Top Senate Democrat Chuck Schumer in a statement ahead of the bill's passage hailed the legislation as a "major step" toward a fully funded government.
"To folks who worry that divided government means nothing ever gets done, this bipartisan package says otherwise: it helps parents and veterans and firefighters and farmers and school cafeterias and more," he added.
The first package had a relatively smooth path through the House on Wednesday, although figures on the Republican right voiced disappointment that it failed to address several of the party's policy priorities.
The agreement adds an extra $1 billion for a federal nutritional program for low-income mothers and their babies, a key Democratic funding priority, increases rental assistance and boosts spending on veterans.
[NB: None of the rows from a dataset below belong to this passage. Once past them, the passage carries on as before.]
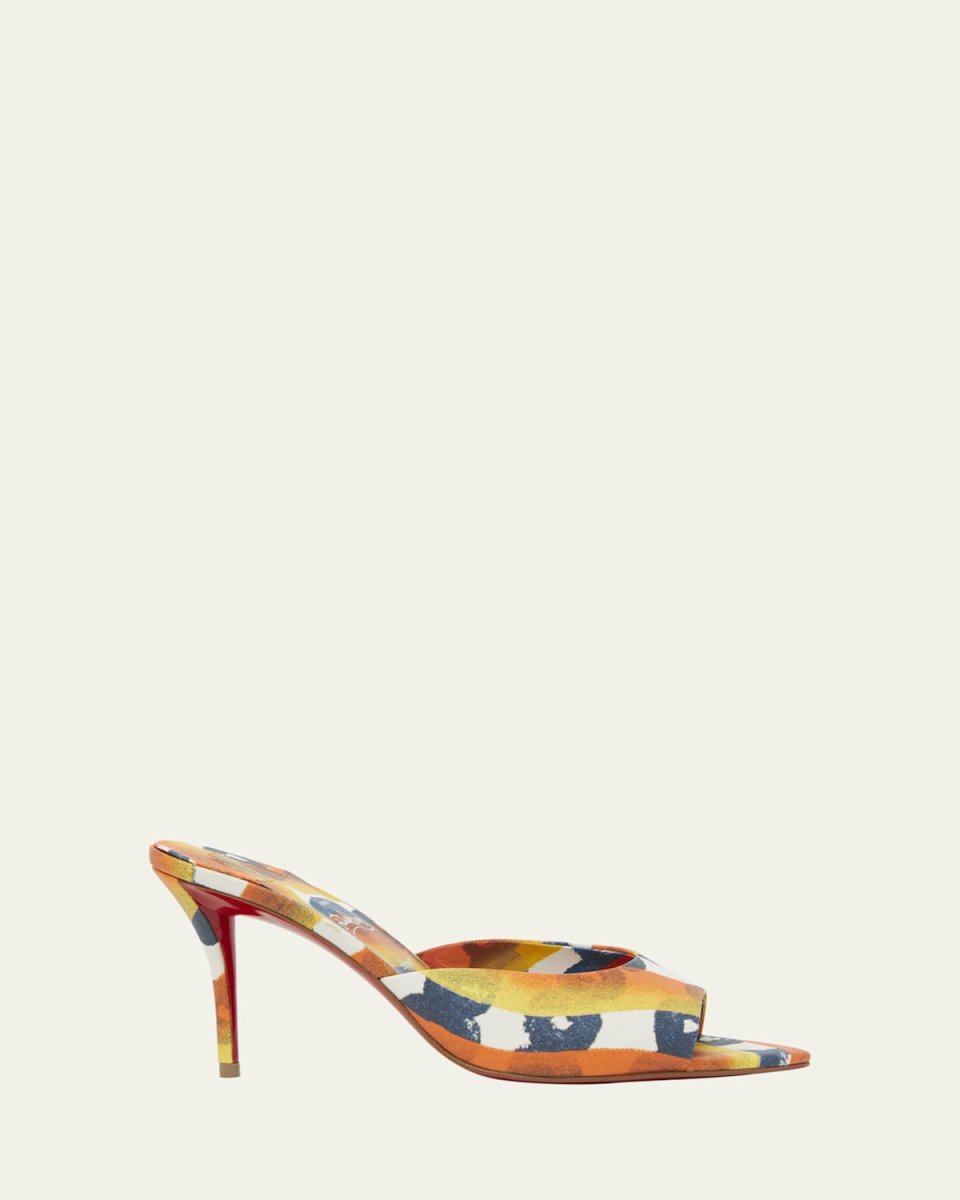 Miss Z Multicolored Red Sole Mule Sandals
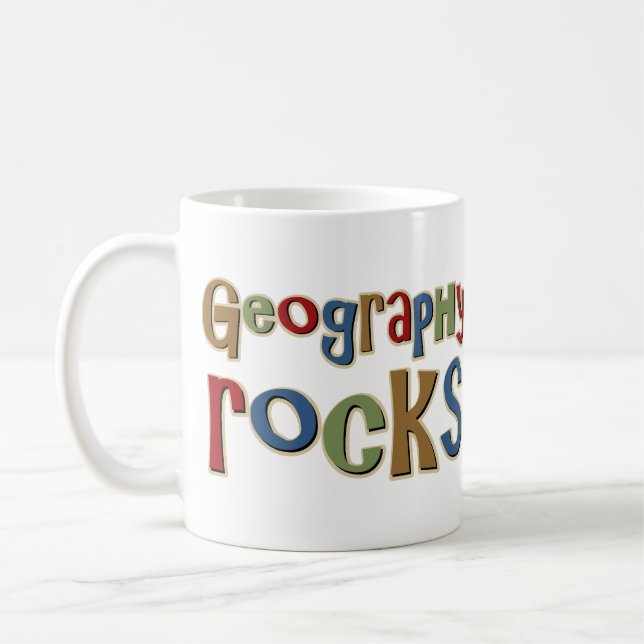 Geography Rocks Coffee Mug (Left)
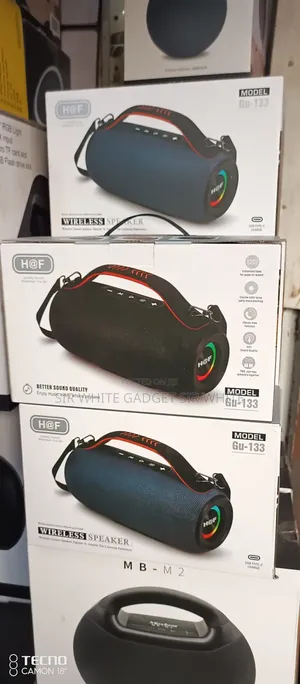The H at F Gu-133 Is a Portable Wireless Bluetooth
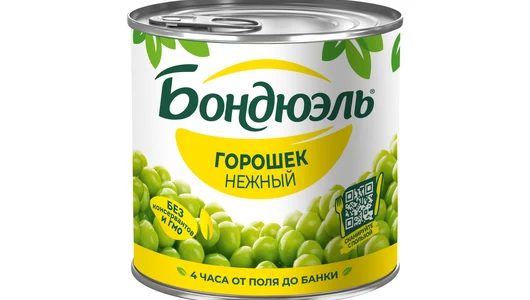 Зеленый горошек Бондюэль Нежный 400 г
There are cuts of up to 10 percent for agencies regularly in Republican crosshairs, including the FBI, the Environmental Protection Agency (EPA) and the Bureau of Alcohol, Tobacco, Firearms and Explosives (ATF).
- 'Deep cuts' -
"This legislation... imposes deep cuts to the EPA, ATF and FBI, which under the Biden administration have threatened our freedoms and our economy, while it fully funds veterans' health care," Republican House Speaker Mike Johnson said, praising the bill.
Republican squabbling over amendments to the legislation and "earmarks" -- provisions circumventing the normal competition process to direct funds to lawmakers' pet projects -- are threatened to delay the vote, however.
Conservatives were demanding that the leadership in both parties allow a vote on reinstating an earmark ban overturned by Democrats in 2021, effectively stripping more than $12 billion from the bill.
They highlighted examples of what they see as profligate spending, including $1 million for an environmental justice center in New York, $4 million for a waterfront walkway in New Jersey and $3.5 million for a Thanksgiving parade in Michigan.